I'm currently working on a project that has a scheduling element to it.
While I admit I dislike learning new languages, this is mostly for practical reasons. I don't like having to start from scratch on a new language, so I can solve the same problems I can already solve in a language I know.
But I'm smart enough to know when a problem has Perl beaten, so I've been looking for a way to write my scheduler. Prolog looked like the easiest way, and AI::Prolog already exists, so integration with Perl would be trivial.
After talking to a few people, jjore came back with a complete program to solve my sample schedule in a language I'd never heard of, called Oz.
The code is remarkably legible, and I can see how I'd be able to extend it in the ways I'll need down the track, and the codegen required looks like it should be simple enough.
So I'm looking into learning some Oz basics.
Installation was a breeze. apt-get install mozart on debian, and a downloadable installer on Windows. So things are looking good, and all the clues of sanity are there.
Until I hit the tutorial...
Because I have to say, Oz has the most horrid tutorial introduction I've ever seen.
After spruiking the language in the introduction, it suggests to run the "oz" interactive programming environment.
So I run it... to be faced with what is a modified EMacs editor with extra integrated stuff, and that spawns off Tk windows for some tasks. I'm completely lost, I don't even know how to quit, and eventually kill the terminal in disgust.
In fact, the entire first three or four sections of the official tutorial are written based on the assumption you are an competent EMacs user.
So ok, I'll just use the compiler to manually build things and execute them instead.
Except the programs in the tutorial don't work!!!

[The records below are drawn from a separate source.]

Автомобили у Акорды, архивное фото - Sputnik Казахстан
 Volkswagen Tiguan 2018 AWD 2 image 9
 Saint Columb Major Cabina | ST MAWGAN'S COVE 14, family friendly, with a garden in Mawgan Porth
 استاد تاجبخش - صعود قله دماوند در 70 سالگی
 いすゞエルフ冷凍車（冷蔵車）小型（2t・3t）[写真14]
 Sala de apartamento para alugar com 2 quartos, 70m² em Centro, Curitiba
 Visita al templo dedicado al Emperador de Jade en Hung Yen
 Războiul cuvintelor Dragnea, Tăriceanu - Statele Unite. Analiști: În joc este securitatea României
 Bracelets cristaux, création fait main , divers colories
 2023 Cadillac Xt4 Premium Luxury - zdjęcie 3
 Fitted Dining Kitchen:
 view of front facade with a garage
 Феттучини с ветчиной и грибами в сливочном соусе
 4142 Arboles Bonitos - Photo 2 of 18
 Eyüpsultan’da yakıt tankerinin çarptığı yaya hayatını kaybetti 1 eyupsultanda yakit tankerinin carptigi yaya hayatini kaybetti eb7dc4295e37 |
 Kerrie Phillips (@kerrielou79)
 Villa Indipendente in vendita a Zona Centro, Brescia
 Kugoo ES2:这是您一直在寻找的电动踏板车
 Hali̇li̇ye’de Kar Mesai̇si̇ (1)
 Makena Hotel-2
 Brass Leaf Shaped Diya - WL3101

Take their "look how simple hello world is in Oz" example.
{Show "Hello World!"}
Simple enough... except that not only isn't that a legal standalone program, but "Show" is a command built into the editing environment!
2 hours later, after skimming through the entire tutorial to try and find clues, I get something that will actually compile, execute and print out Hello World, it turns out hello world ACTUALLY looks something like this.
functor
import
Application
System
define
{System.showInfo "Hello World!"}
{Application.exit 0}
end
This looks NOTHING like the example provided in the tutorial.
If swear to god if I didn't need a constraint language for this scheduling code I'd have junked this language in disgust, never to look at it again.
the unfamiliar (Score:1)
Don't you think a lot of that is probably frustration due to being unfamiliar with how things are done in this new environment?
It does look interesting at first glance, in any case. Thanks for the pointer.
Re: (Score:1)
Any language that forces you to use a particular editor needs to die a slow and painful death.
Re: (Score:2)
Perhaps the rest of the language is more interesting, but I don't see any of that here.
Re: (Score:1)
Perl isn't good at any of those. I don't know ofa nice thunking layer between Perl and Oz so maybe I'd want to just use Perl's glue-language capabilities to write Oz code and scrape the output as it came back.
I'm a rank Oz novice though.
Re: (Score:1)
AI::Prolog (Score:2)
As much as I hate to say it, I'm glad you didn't go with AI::Prolog. Scheduling problems (as with any search algorithm) are generally heavily recursive and AI::Prolog probably would have killed any hope you had of having a fast system.
Editor agnostic (Score:1)
A compile -> run command looks like this:
ozc -c program.oz && ozengine program.ozf
A compile -> debug command looks like this and it requires a GUI. The debugger mostly sucks though.